На прошлом заседании, стремясь во что бы то ни стало свалить ненавистного врага, Гюаде привел из циркуляра лишь те «зажигательные» места, которые лили воду на его мельницу. Теперь же, прочитанный полностью, документ произвел совершенно иное впечатление — он выглядел патриотическим призывом, направленным к спасению республики, и нет ничего удивительного, что галереи сопровождали каждую фразу его криками восторга.
На скамьях Горы начался ропот.
Вскочил Дюбуа-Крапсе. Он воскликнул:
— Если этот циркуляр преступен, декретируйте обвинение и против меня, ибо я полностью его одобряю!
Художник Давид прибавил:
— Пусть документ положат на трибуну и все патриоты подпишут его!
Эти слова отозвались в душах монтаньяров словно призыв боевого горна. Раздались крики:
— Мы все одобряем его!
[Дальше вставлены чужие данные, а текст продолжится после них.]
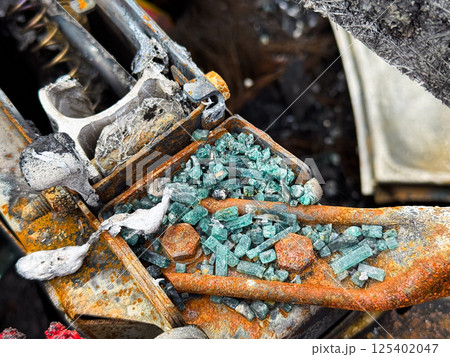 Close-up of shattered automotive safety glass scattered over a burned and rusted metal car seat frame, with visible melted elements and fire damage 125402047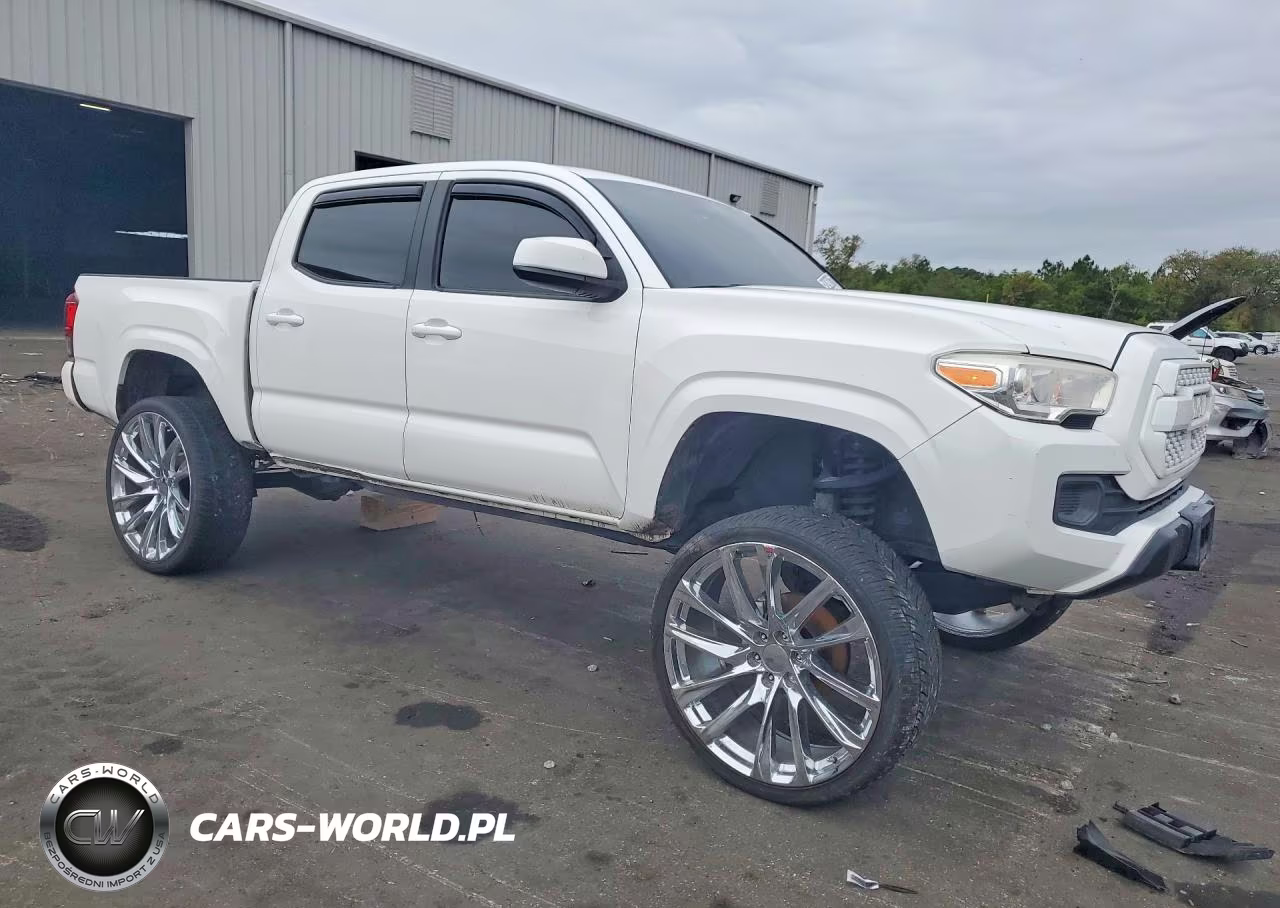 2018 Toyota Tacoma Sr VIN:5TFAX5GN1JX127704 - 4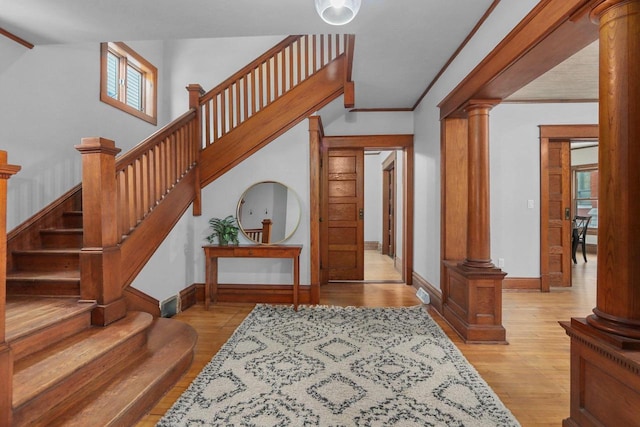 entryway with crown molding, decorative columns, and light wood-type flooring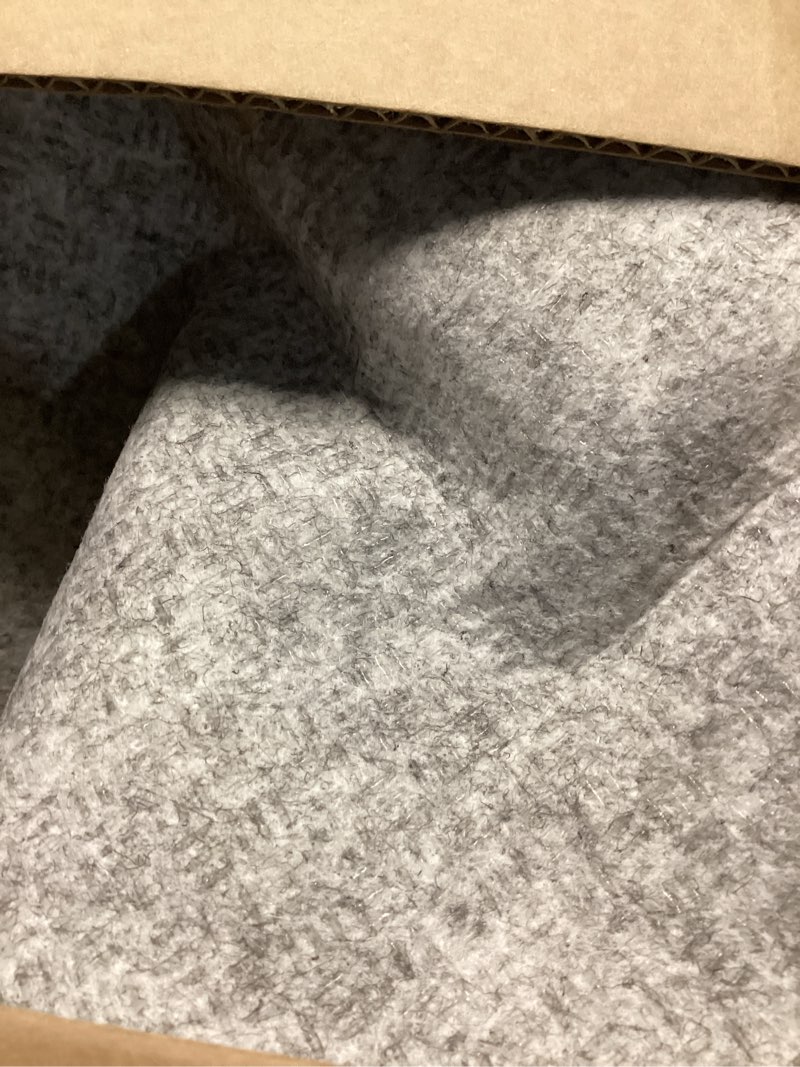 Condition photo showing As Is for gray rug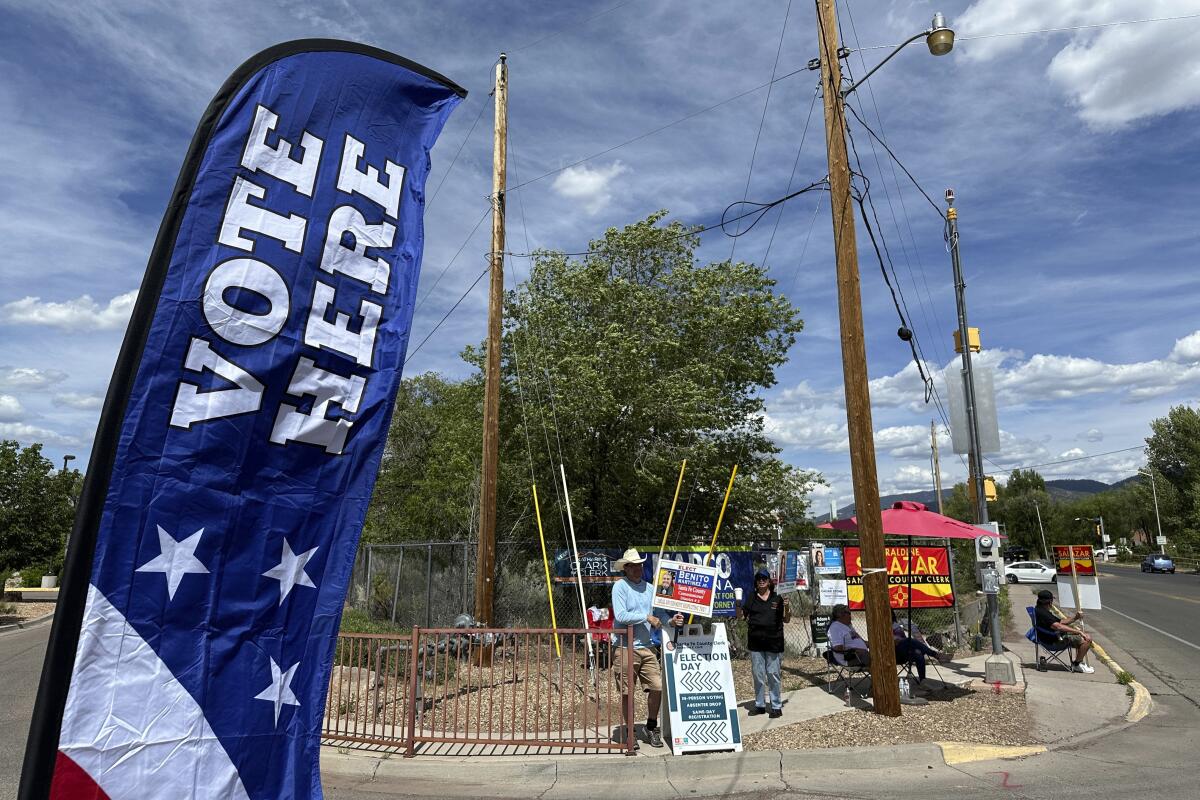 A "vote here" banner on a street corner on a sunny day.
Мы его подпишем!
Галереи ответили дружными аплодисментами.
И вот монтаньяры, вставая один за другим, потянулись к трибуне, чтобы поставить свои подписи вслед за подписью Марата. Среди них, кроме Дюбуа-Крансе и Давида, я узнал Бентабола, Демулена, Ромма и Огюстена Робеспьера, младшего брата Максимилиана; всего подписалось около девяноста человек.